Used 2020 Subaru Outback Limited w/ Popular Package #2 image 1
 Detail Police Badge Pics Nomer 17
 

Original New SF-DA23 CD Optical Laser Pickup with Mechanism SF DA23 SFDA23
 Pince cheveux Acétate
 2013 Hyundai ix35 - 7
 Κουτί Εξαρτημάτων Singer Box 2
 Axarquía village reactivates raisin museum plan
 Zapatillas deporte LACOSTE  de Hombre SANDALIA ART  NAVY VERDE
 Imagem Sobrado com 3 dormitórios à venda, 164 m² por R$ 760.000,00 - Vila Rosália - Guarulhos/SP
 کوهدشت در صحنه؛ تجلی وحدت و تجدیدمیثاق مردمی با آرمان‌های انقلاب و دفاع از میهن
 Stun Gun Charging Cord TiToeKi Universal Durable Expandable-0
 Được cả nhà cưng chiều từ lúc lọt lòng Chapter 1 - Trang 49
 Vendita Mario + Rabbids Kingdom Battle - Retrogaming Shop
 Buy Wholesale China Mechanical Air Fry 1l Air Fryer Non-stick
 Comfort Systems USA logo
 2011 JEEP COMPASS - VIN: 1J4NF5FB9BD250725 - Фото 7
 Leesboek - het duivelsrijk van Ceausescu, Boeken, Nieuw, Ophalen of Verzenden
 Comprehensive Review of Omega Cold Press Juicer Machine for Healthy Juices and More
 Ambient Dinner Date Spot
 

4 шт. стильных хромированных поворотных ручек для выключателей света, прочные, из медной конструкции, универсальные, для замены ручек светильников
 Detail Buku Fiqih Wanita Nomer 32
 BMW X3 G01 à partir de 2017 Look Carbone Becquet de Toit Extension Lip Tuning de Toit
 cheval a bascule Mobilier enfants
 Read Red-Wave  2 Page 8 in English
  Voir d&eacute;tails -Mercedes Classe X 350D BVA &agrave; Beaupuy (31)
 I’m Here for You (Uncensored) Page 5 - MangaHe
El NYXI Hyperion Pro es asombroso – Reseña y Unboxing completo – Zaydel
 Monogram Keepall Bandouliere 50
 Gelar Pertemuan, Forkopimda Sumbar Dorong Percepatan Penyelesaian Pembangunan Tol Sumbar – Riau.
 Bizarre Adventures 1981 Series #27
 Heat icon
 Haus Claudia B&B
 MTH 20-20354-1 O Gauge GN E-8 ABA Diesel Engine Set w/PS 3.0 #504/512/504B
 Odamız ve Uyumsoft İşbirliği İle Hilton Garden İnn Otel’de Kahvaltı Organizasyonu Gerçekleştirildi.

WORK ITEM:
Whenever the word "Detail" occurs in a line above, copy that line.

SOLUTION TO THIS EXERCISE:
 Detail Police Badge Pics Nomer 17
 Detail Buku Fiqih Wanita Nomer 32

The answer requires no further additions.